6- Görüldüğü üzere cinsel yönelim ve cinsiyet kimliği üzerinden, hâlihazırda sadece kadın LGBT’leri ilgilendiriyor olsa da, normatif bir “olmuşluk” vardır. Böylesine bir “olmuşluğun” olduğu bir ortamda cinsel yönelim ve cinsiyet kimliğine eşitlik maddesinin sadece gerekçesinde yer vermek ileri değil geri bir adımdır. Ayrıca bu, Anayasa yapıcının hukuki bir yükümlülükten de kaçtığı anlamına gelir: Anayasalar sadece “devletlerin ne olduğuna” dair belgeler değildirler, insan hak ve özgürlüklerini, yenilikler ve gelişmeler çerçevesinde güncelleyerek koruma altına alırlar. İç hukukun hâlihazırda tanıdığı ve koruduğu statüleri yeni Anayasa’da da tanımak anayasa yapıcıların üzerinde sadece vicdan ve politika ekseninde tartışma yürütebilecekleri bir mevzu olmaktan iki yıl önce çıkmıştır. Ortada hukuk tekniğini ilgilendiren bir denkleştirme sorunu vardır.
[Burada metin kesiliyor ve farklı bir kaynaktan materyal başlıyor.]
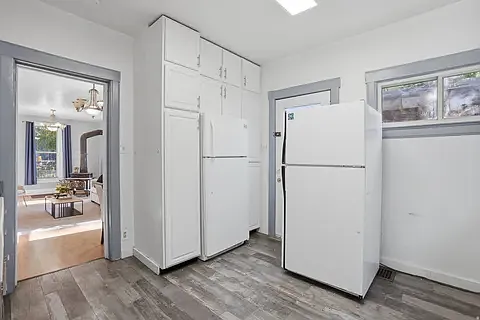 1037 E Linden Ave S — Photo 18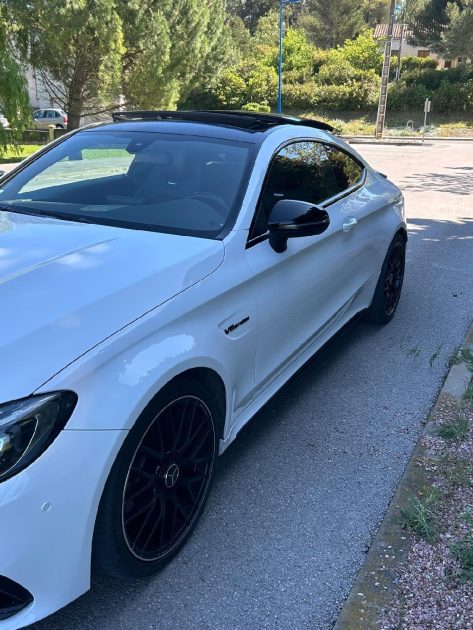 MERCEDES C63 Coupé AMG 476CH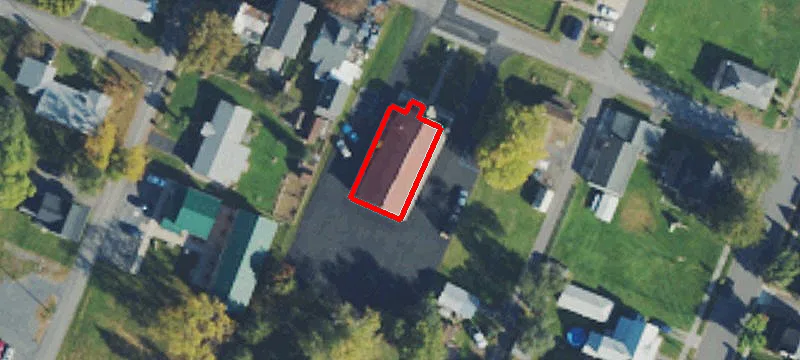 326 Everett Pl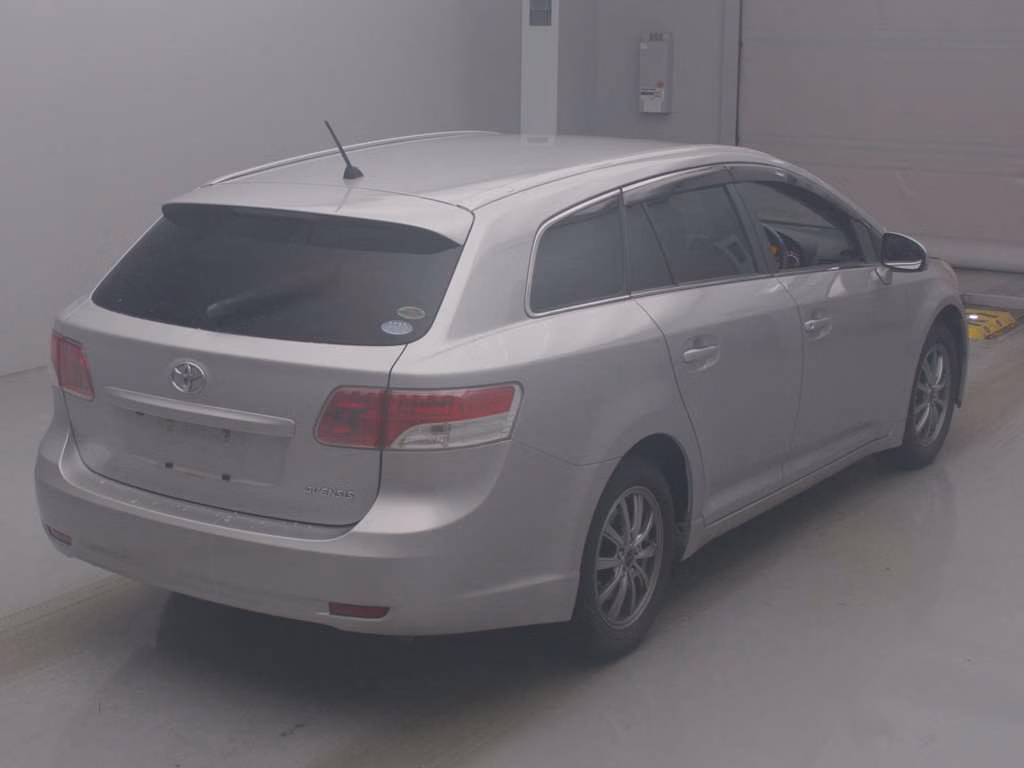 TOYOTA AVENSIS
7- Bir kere daha söyleyelim: Anayasa yapım sürecinde bu normatif “olmuşluk”a anayasal bir veçhe kazandırmak ne salt vicdani ne de salt politiktir; bu her şeyden önce hukuki bir yükümlülüktür. Anayasa yapım sürecine katılan tüm partilerin ve tarafların bu yükümlülüğün farkında olması gerekir. Ayrıca hukukçuların ve akademisyenlerin bu konuda “hukuki çerçevede” pozisyon almaları bence elzem ve acildir. Nitekim hiçbir insan hakkı beklemez, beklettirilemez!